La transposition didactique des savoirs de la didactique vers la formation des enseignants : quelques réflexions

Magali HERSANT

INSPE académie de Nantes, Nantes Université

Parler de transposition didactique des savoirs didactiques vers la formation des enseignants suppose de considérer la didactique des mathématiques comme une discipline scientifique qui renvoie à une certaine pratique et produit des savoirs. En nous situant dans cette perspective, nous proposons de réfléchir aux différents savoirs issus de recherches en didactique des mathématiques qui peuvent faire l'objet d'une telle transposition en formation(s) et aux conditions de cette / ces transpositions dans différents contextes institutionnels. Pour mener cette réflexion, nous nous appuierons sur des travaux didactiques relatifs à la formation des pratiques enseignantes en mathématique ou au développement professionnel des professeurs.

 

Des savoirs didactiques aux savoirs professionnels : quelle transposition ?

Sylvie COPPE

Université de Genève, FPSE, Equipe DiMaGe

 

La question de la transposition des savoirs de la didactique des mathématiques aux savoirs professionnels des enseignants de mathématiques (du primaire ou du secondaire) se pose en particulier depuis les années 1990, avec la création des IUFM qui ont regroupé les formations du primaire et du secondaire et dans lesquels de nombreux·ses chercheur·ses en didactique ont été impliqué·es. D’ailleurs, la création de la CORFEM, dans ces années 90, avait pour but de travailler de façon collaborative sur ces questions.
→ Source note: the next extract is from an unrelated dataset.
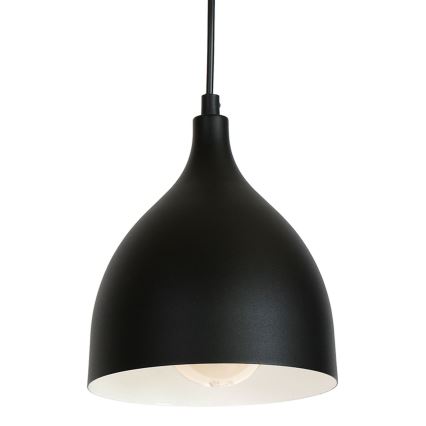 Ljuskrona med textilsladd NOAK 3xE27/15W/230V svart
Le champ de la didactique des mathématiques a développé des concepts théoriques et des méthodes particulières qui constituent toute une palette d’objets et d’outils pertinents pour le travail de formation mais qui supposent des adaptations pour qu’ils puissent s’intégrer aux contextes et besoins des pratiques enseignantes. Dans cette conférence, en parcourant un certain nombre de concepts et méthodes issus de la didactique des mathématiques, nous essaierons de déterminer ce qu’ils peuvent apporter en formation et selon quelles adaptations.